I saved a couple of the boxes that new lids/rings come in, those are just the perfect size to hold the lids. 

For rings I also just throw them in a tub with a lid after they have been washed and dried.


----------



## kasilofhome (Feb 10, 2005)

Rings storage

String with a carbine on each end one region one end wide.clipped to my wire shelving.


----------



## suitcase_sally (Mar 20, 2006)

For the rings, I use those giant plastic containers that dog cookies, pretzels, ect come in. For the lids, I just use gallon size baggies. I can fit about 250 to a bag.


----------



## Janis R (Jun 27, 2013)

I read somewhere that you shouldn't buy more than 1 years worth of lids b/c the rubber could dry out, has anyone had a problem with older lids? What about the new lids? I store my lids and bands in plastic totes separated by size and color, with tattlers in a separate tote.


----------



## flowergurl (Feb 27, 2007)

I use lids that are years and years old without any issues.


----------



## StickyFloors (Aug 4, 2014)

Janis R said:


> I read somewhere that you shouldn't buy more than 1 years worth of lids b/c the rubber could dry out, has anyone had a problem with older lids? What about the new lids? I store my lids and bands in plastic totes separated by size and color, with tattlers in a separate tote.


Yea, I wondered the same thing. I store my lids now in a well-sealed tote but consider putting them into foodsaver bags....


----------



## suitcase_sally (Mar 20, 2006)

Janis R said:


> I read somewhere that you shouldn't buy more than 1 years worth of lids b/c the rubber could dry out, has anyone had a problem with older lids? What about the new lids? I store my lids and bands in plastic totes separated by size and color, with tattlers in a separate tote.

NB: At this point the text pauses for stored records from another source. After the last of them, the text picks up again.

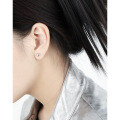 wholesale S925 Sterling Silver Glossy Heart Stud Earrings, Korean Version Small and Unique Ins Minimalist Style with a Sense of Advanced Coolness-0-3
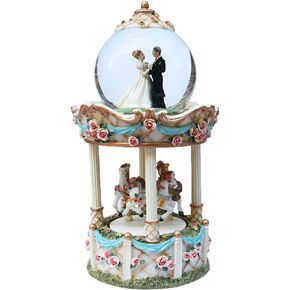 LOVE FOR YOU Wedding March European Style Music Box Color Light Musical Cake Carousel Horses Snow Globe for Wife Girlfriend Lovers Marriage Gifts Valentines Day Present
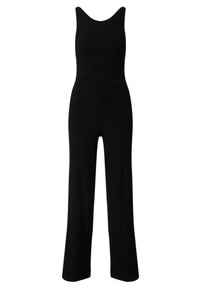 Schwarzer gerippter Jumpsuit mit Rundhalsausschnitt, tailliertem Oberteil und weit geschnittenen Hosenbeinen. Aus dehnbarem Material für einen bequemen Sitz.
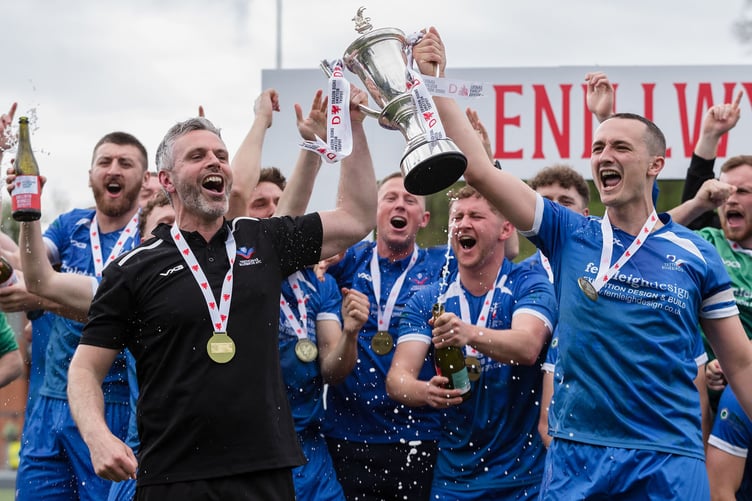 NEWTOWN, WALES - 29 APRIL 2023: Trethomas win the game 2-1 and celebrating winning the 2022/23 FAW Amateur Trophy Final fixture between Denbigh Town FC & Trethomas Bluebirds AFC at Latham Park, Newtown, Wales, 29 April 2023. (Pic by John Smith/FAW)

In the "Olden Days" that may have been true, but today the sealant isn't rubber. I have lids that are 15 years old and still doin' fine!


----------



## Werforpsu (Aug 8, 2013)

I put my rings on a wire hanger also. I bent it so that it can hang on a cabinet nob and I can unhook the other end to add or remove rings as needed. I hang it on the pantry door during the season and then when I am done canning for a while, I put it in my closet with my clothes since it doesn't take up too much room.


----------



## po boy (Jul 12, 2010)

Werforpsu said:


> I put my rings on a wire hanger also. I bent it so that it can hang on a cabinet nob and I can unhook the other end to add or remove rings as needed. I hang it on the pantry door during the season and then when I am done canning for a while, I put it in my closet with my clothes since it doesn't take up too much room.


 I do that, but tie a jar ring on the end and just hang it up..

Your system is a better idea.............................IMO


----------



## mjg1006 (Sep 19, 2013)

I have returned to canning after a 20 year lapse. I went crazy buying supplies, so now I am storing rings in a fabric bag that I hang in my pantry. I have the lids in a reaealable plastic bag. I put an "S" hook in one corner of the bag to hang it with the rings. Pantry is small so I have to use hanging space as much as possible!


----------



## bmustang (Jun 8, 2014)

We store our lids in vacuumed seal bags. We keep em in the boxes and make 2 6 box layers for a total of 244 lids. It's kinda nice to do it this way because once the air is sucked out, they turn into neat rectangular blocs that stack well. For bands, it's freezer bags.


----------